[GOAL OF THE EXERCISE] Only the lines from the one with "Dolce & Gabbana" to the end of the data below should be given again, exactly as written.
START MATERIAL PROVIDED
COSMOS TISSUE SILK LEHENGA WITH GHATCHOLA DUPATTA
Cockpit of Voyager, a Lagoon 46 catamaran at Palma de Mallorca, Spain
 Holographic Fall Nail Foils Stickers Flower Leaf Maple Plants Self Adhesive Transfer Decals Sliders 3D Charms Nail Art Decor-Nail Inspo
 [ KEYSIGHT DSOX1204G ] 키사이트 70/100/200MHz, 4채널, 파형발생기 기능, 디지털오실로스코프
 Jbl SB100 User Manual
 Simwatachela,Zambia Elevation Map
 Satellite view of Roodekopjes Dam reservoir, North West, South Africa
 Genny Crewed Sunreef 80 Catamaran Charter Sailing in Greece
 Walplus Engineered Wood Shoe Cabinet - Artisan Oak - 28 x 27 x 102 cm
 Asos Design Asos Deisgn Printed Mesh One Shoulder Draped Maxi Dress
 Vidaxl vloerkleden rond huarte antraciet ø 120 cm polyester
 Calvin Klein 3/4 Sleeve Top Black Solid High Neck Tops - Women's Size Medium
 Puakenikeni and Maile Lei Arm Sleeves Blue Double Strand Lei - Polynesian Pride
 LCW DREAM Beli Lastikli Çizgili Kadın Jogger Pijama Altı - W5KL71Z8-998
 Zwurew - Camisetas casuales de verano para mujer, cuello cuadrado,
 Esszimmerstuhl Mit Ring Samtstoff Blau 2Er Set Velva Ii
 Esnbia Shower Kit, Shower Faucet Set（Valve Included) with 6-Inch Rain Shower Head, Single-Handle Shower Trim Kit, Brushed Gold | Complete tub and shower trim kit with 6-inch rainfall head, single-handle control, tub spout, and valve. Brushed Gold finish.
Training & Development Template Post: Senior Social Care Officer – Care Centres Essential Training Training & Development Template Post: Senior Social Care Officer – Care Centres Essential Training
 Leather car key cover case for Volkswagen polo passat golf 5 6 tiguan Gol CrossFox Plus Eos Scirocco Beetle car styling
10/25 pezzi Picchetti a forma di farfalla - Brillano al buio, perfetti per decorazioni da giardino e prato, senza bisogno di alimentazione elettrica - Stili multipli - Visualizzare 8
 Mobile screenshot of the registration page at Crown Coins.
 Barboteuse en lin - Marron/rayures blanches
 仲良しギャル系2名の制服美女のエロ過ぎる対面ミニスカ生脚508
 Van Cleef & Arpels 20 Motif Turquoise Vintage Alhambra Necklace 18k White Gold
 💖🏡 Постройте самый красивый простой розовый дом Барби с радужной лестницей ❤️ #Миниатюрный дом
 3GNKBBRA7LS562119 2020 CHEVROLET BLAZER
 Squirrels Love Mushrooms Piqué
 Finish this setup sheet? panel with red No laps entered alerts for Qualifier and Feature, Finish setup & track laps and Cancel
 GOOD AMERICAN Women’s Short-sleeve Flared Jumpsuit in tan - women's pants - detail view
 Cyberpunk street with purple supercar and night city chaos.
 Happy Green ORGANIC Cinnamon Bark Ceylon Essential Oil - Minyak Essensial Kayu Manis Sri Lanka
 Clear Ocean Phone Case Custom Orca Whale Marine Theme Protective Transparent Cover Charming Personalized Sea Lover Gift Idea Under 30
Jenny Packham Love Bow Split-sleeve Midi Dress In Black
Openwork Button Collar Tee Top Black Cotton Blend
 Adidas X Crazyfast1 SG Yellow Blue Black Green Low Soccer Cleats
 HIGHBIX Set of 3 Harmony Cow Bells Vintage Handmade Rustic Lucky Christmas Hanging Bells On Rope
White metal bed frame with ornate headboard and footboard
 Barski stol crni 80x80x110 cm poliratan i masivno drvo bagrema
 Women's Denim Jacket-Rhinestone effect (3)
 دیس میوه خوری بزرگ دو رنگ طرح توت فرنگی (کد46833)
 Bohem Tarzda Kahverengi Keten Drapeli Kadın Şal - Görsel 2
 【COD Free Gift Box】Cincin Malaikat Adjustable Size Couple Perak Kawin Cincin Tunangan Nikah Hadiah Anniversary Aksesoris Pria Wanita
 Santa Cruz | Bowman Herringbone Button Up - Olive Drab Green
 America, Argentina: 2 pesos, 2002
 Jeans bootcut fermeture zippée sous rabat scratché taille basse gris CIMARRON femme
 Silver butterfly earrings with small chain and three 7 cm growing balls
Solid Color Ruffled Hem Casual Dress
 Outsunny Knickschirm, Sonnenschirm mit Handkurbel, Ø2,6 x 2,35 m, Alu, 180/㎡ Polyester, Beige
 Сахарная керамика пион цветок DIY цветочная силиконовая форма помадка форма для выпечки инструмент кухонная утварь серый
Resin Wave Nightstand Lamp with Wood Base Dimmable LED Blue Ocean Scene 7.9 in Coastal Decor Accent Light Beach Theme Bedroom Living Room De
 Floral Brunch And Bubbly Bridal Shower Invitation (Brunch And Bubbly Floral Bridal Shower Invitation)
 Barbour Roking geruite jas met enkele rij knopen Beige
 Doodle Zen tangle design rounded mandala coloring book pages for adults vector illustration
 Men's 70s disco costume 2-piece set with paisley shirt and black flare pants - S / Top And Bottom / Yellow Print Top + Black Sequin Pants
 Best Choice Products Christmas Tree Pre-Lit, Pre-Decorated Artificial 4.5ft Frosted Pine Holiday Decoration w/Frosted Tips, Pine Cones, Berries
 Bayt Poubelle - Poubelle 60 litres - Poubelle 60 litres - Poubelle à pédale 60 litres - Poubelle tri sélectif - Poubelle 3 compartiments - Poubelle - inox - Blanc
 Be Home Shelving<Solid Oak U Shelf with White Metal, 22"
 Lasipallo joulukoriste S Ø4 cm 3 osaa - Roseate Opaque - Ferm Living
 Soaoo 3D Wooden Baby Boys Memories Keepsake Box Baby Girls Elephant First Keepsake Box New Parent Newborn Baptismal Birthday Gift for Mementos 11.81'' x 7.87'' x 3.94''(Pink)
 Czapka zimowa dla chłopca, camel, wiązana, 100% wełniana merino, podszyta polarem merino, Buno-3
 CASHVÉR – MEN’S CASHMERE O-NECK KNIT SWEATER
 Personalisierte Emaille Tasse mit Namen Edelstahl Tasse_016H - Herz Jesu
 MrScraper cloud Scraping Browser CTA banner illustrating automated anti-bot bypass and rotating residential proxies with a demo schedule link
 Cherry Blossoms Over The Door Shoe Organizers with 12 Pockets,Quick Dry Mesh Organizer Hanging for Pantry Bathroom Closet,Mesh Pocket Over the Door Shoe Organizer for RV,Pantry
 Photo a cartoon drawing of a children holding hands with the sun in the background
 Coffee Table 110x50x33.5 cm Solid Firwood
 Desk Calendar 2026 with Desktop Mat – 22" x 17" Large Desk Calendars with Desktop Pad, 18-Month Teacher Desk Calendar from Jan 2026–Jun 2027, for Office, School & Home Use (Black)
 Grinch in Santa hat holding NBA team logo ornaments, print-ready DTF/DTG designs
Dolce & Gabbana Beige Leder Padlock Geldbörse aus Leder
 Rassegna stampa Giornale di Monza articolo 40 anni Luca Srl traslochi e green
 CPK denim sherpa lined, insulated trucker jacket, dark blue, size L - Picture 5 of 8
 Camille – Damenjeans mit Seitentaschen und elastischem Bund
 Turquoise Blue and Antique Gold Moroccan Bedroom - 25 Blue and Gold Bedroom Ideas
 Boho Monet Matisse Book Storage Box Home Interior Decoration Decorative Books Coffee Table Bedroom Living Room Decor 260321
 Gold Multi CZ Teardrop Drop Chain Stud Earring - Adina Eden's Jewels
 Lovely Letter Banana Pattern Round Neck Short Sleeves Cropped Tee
END MATERIAL PROVIDED
[FINAL ANSWER]
Dolce & Gabbana Beige Leder Padlock Geldbörse aus Leder
 Rassegna stampa Giornale di Monza articolo 40 anni Luca Srl traslochi e green
 CPK denim sherpa lined, insulated trucker jacket, dark blue, size L - Picture 5 of 8
 Camille – Damenjeans mit Seitentaschen und elastischem Bund
 Turquoise Blue and Antique Gold Moroccan Bedroom - 25 Blue and Gold Bedroom Ideas
 Boho Monet Matisse Book Storage Box Home Interior Decoration Decorative Books Coffee Table Bedroom Living Room Decor 260321
 Gold Multi CZ Teardrop Drop Chain Stud Earring - Adina Eden's Jewels
 Lovely Letter Banana Pattern Round Neck Short Sleeves Cropped Tee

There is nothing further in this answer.